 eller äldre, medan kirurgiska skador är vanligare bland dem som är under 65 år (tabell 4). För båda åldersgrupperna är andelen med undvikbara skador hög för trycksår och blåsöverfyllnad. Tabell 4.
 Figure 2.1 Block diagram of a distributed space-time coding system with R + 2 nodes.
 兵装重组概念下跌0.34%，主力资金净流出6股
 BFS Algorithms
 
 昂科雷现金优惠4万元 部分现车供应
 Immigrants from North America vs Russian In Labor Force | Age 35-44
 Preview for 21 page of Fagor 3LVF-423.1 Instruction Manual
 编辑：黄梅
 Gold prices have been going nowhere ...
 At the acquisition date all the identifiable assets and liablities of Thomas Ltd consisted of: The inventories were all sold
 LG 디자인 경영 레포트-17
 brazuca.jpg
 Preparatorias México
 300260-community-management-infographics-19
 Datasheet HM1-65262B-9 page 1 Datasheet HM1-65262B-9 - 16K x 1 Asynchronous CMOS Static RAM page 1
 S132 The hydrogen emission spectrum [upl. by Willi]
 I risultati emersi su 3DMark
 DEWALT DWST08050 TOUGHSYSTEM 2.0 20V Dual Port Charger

---*---

TASK DESCRIPTION:
Transcribe each record shown above, exactly.

COMPLETED EXERCISE:
 eller äldre, medan kirurgiska skador är vanligare bland dem som är under 65 år (tabell 4). För båda åldersgrupperna är andelen med undvikbara skador hög för trycksår och blåsöverfyllnad. Tabell 4.
 Figure 2.1 Block diagram of a distributed space-time coding system with R + 2 nodes.
 兵装重组概念下跌0.34%，主力资金净流出6股
 BFS Algorithms
 
 昂科雷现金优惠4万元 部分现车供应
 Immigrants from North America vs Russian In Labor Force | Age 35-44
 Preview for 21 page of Fagor 3LVF-423.1 Instruction Manual
 编辑：黄梅
 Gold prices have been going nowhere ...
 At the acquisition date all the identifiable assets and liablities of Thomas Ltd consisted of: The inventories were all sold
 LG 디자인 경영 레포트-17
 brazuca.jpg
 Preparatorias México
 300260-community-management-infographics-19
 Datasheet HM1-65262B-9 page 1 Datasheet HM1-65262B-9 - 16K x 1 Asynchronous CMOS Static RAM page 1
 S132 The hydrogen emission spectrum [upl. by Willi]
 I risultati emersi su 3DMark
 DEWALT DWST08050 TOUGHSYSTEM 2.0 20V Dual Port Charger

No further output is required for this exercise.